Insurance companies have been aggressively purchasing bank stocks this year, raising concerns about some insurers exploiting low price-to-book ratios through long-term equity investment accounting tricks to temporarily beautify their financial statements—a practice likened to "drinking poison to quench thirst" for troubled institutions.
In Q3 2024, insurers continued their bank stock shopping spree. Wind data shows insurers appeared among the top 10 shareholders of 23 A-share listed banks, with holdings worth 316.5 billion yuan (excluding Ping An Bank). Bank stocks' defensive characteristics—low valuations and high dividends—align perfectly with insurers' dual needs for safety and returns, making them portfolio "ballast stones."
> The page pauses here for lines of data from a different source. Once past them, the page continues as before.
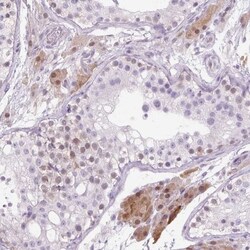 ZNF35 Antibody, Novus Biologicals 25 &mu;L, Unlabeled:Antibodies, Polyclonal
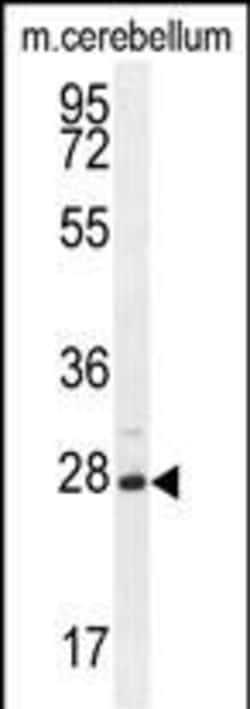 Invitrogen VSTM2A Polyclonal Antibody 400 &mu;L; Unconjugated:Antibodies,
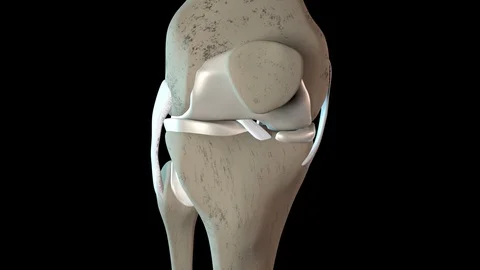 Damage To The Knee Cartilage Stock Footage 122447160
However, warnings emerge about problematic insurers leveraging most banks' sub-1 price-to-book ratios to artificially enhance financial statements, creating "paper wealth" on balance sheets that masks potential bubble risks.
Take Xingfu Life Insurance's case: While reporting 195 million yuan net profit in 2024 (a turnaround from losses), its operating losses actually reached 982 million yuan. The profit came mainly from 1.228 billion yuan non-operating income—achieved by reclassifying Nanjing Bank shares as long-term equity investments, ballooning this balance sheet item from 431 million yuan (2023) to 5.578 billion yuan.
This accounting maneuver isn't new for Xingfu. In 2020, after increasing Nanjing Bank holdings to 4.07% (becoming fifth-largest shareholder) and appointing a board supervisor, it similarly converted the investment classification, turning 233 million yuan operating losses into 97 million net profit via 322 million non-operating income.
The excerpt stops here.